## Problem statement
All of the data should be copied exactly, with the pictures left out.

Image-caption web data
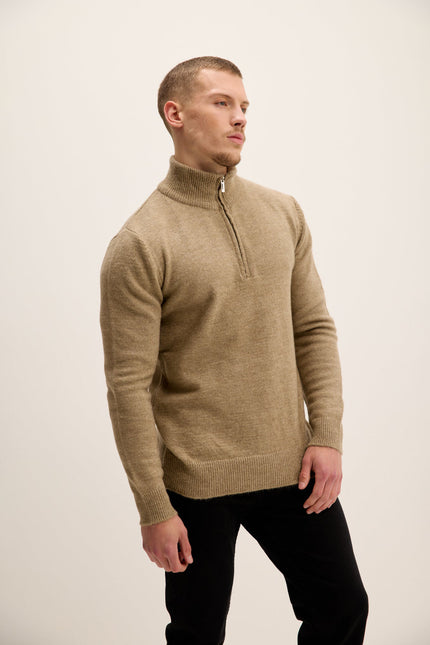 Men's Quarter-Zip Sweater - Vizon | Ron Tomson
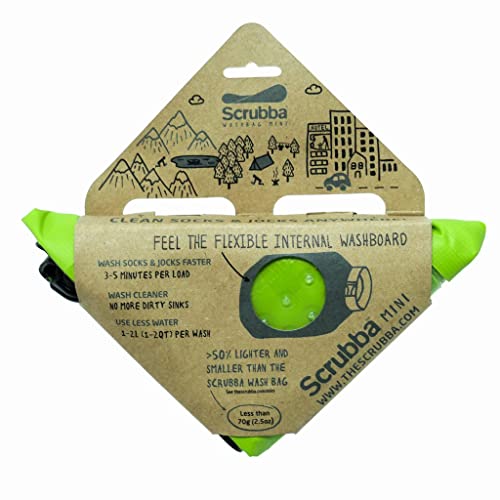Scrubba Lavadora de Viaje 710302, Unisex Adulto, Multicolor, Mini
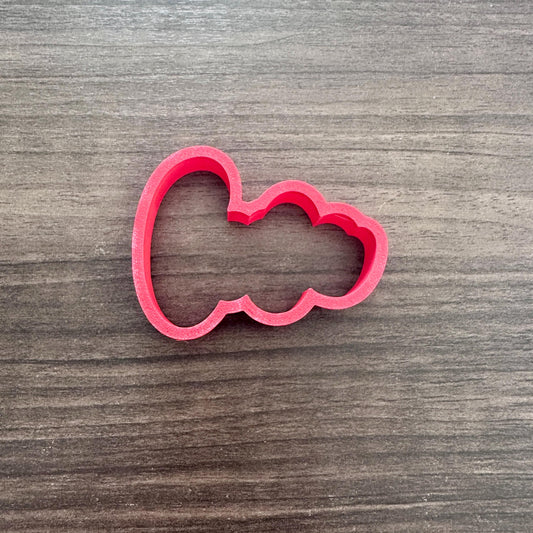 Love Script Outline Cookie Cutter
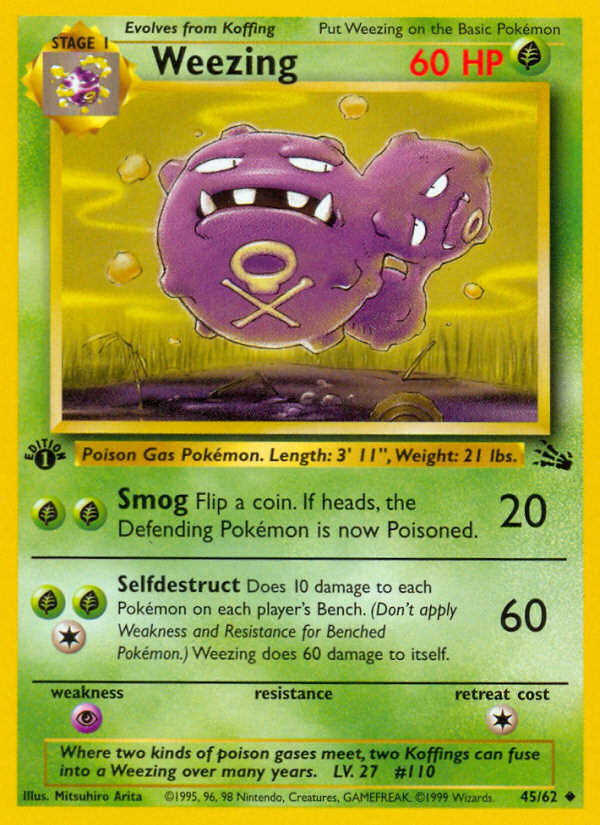 Weezing (45/62) [Fossil 1st Edition] | Chromatic Games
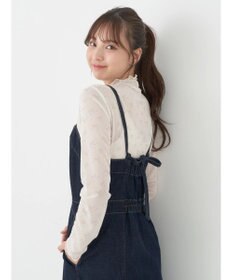 earth music&ecology ボタンキャミデニムワンピース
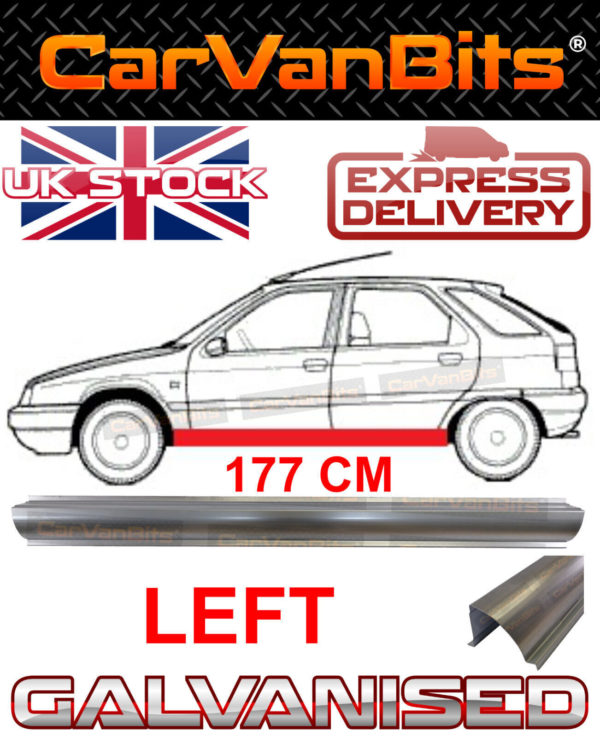 For Citroen Zx 91 98 Sill Repair Body Rust Outer Panel 177cm Left 374374858986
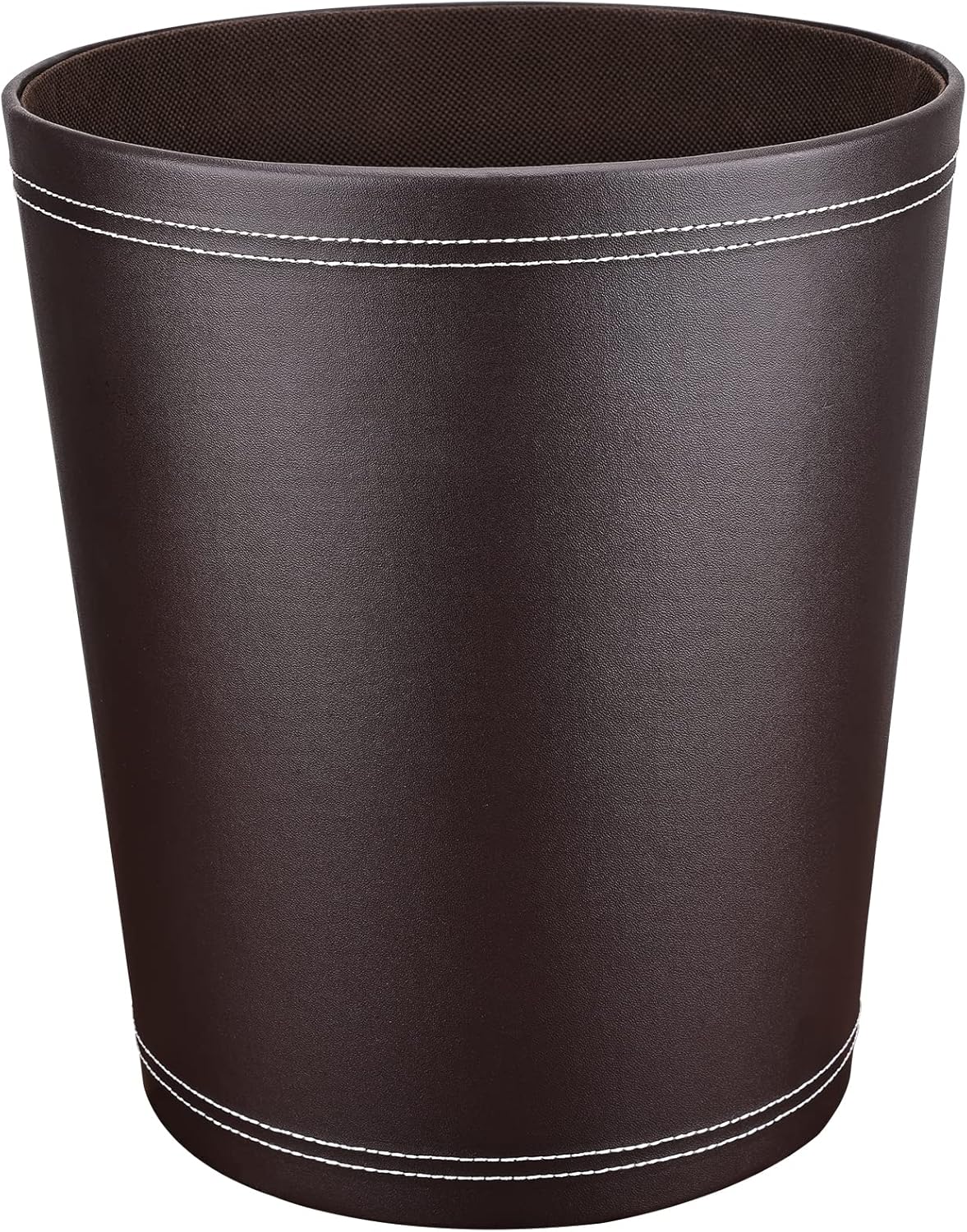 Moderner Papierkorb, Braun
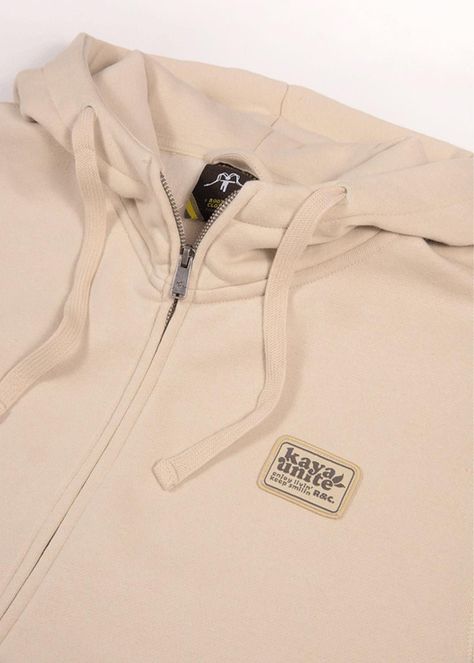 Polerón Hombre Full Zip Kaya Bone-6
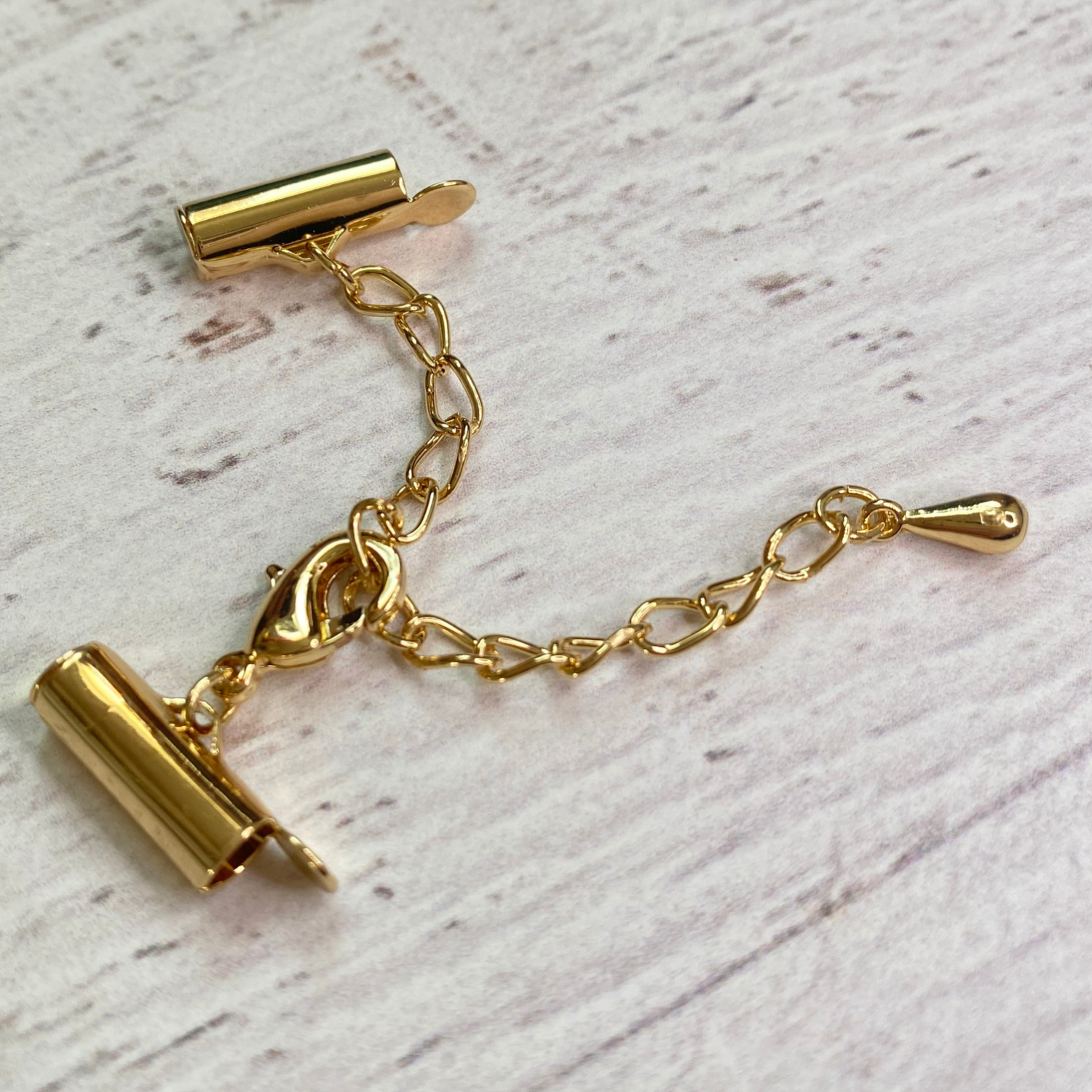 Beadalon Slide Connector 13mm Gold in Color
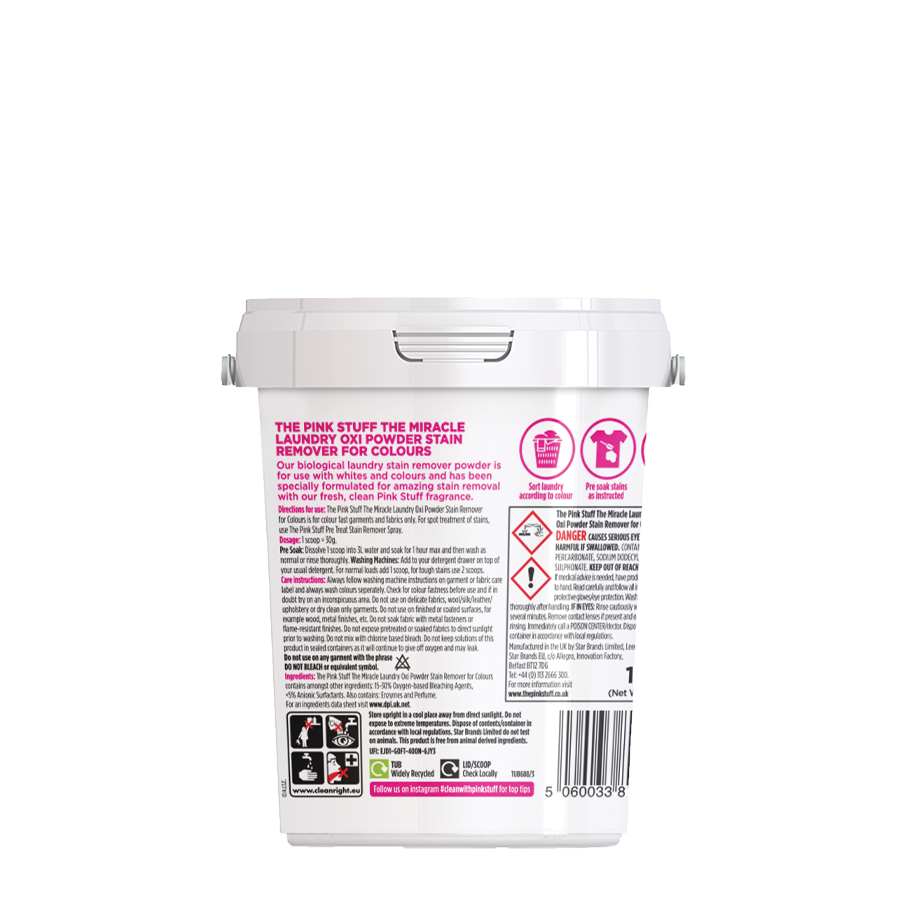 The Pink Stuff OXI Stain Remover Powder, Color 1KG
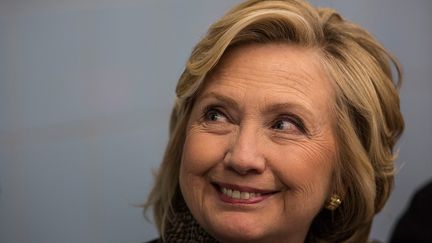 L'ancienne secr&eacute;taire d'Etat d&eacute;mocrate Hillary Clinton &agrave; New York le 1er avril 2015. (ANDREW BURTON / GETTY IMAGES NORTH AMERICA)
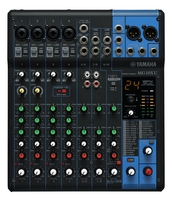 Yamaha MG10XU audio mixer 10 channels Black
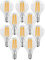 Trango 10er Pack E14002*10 LED Filament Globe Birne 5 Watt 450 Lumen I 3000K Warmweiß I Ersatz für 40W Glühlampe I Glühbirne I Lampe I LED Birne in Kugel Form mit E14 Fassung I Abstrahlwinkel 360°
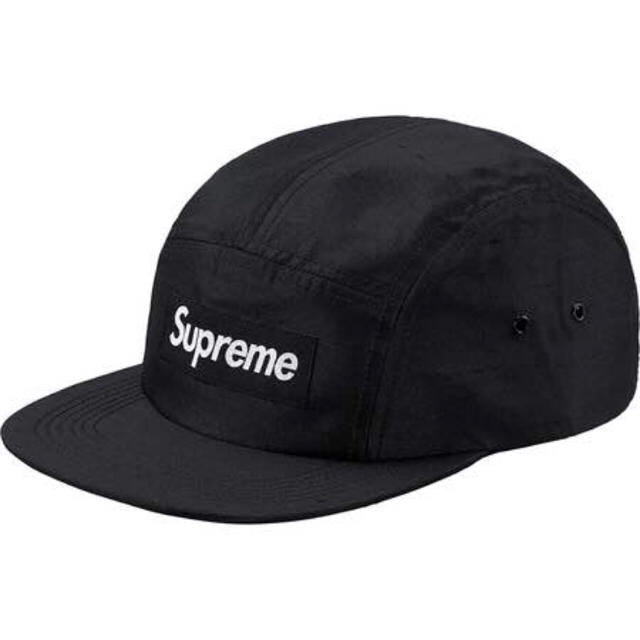 帽子Supreme シュプリーム キャップ - 黒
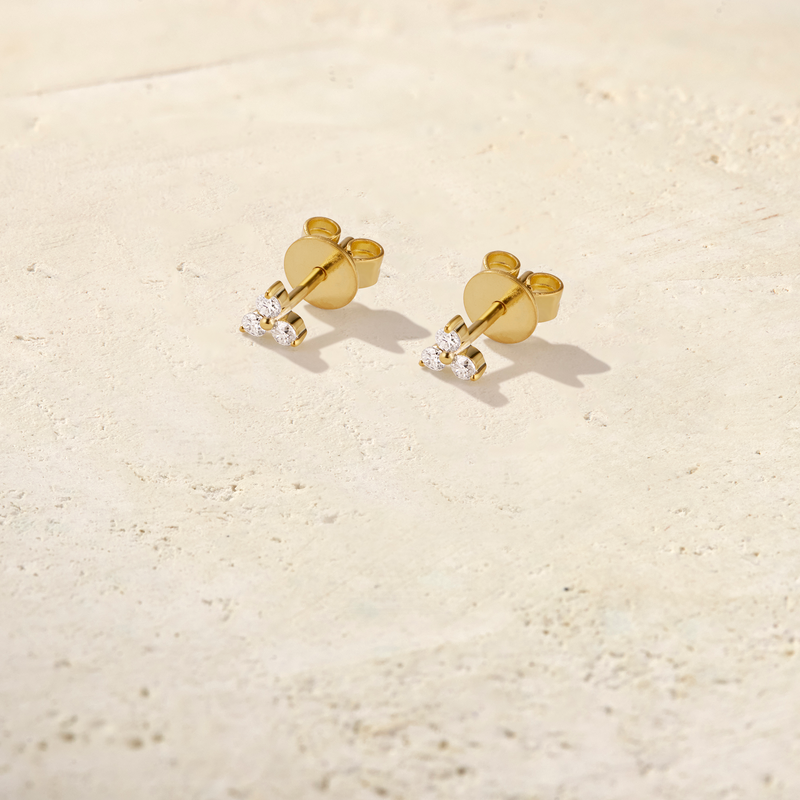 Trio Diamond Studs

## Result of this exercise
 Men's Quarter-Zip Sweater - Vizon | Ron Tomson
Scrubba Lavadora de Viaje 710302, Unisex Adulto, Multicolor, Mini
 Love Script Outline Cookie Cutter
 Weezing (45/62) [Fossil 1st Edition] | Chromatic Games
 earth music&ecology ボタンキャミデニムワンピース
 For Citroen Zx 91 98 Sill Repair Body Rust Outer Panel 177cm Left 374374858986
 Moderner Papierkorb, Braun
 Polerón Hombre Full Zip Kaya Bone-6
 Beadalon Slide Connector 13mm Gold in Color
 The Pink Stuff OXI Stain Remover Powder, Color 1KG
 L'ancienne secr&eacute;taire d'Etat d&eacute;mocrate Hillary Clinton &agrave; New York le 1er avril 2015. (ANDREW BURTON / GETTY IMAGES NORTH AMERICA)
 Yamaha MG10XU audio mixer 10 channels Black
 Trango 10er Pack E14002*10 LED Filament Globe Birne 5 Watt 450 Lumen I 3000K Warmweiß I Ersatz für 40W Glühlampe I Glühbirne I Lampe I LED Birne in Kugel Form mit E14 Fassung I Abstrahlwinkel 360°
 帽子Supreme シュプリーム キャップ - 黒
 Trio Diamond Studs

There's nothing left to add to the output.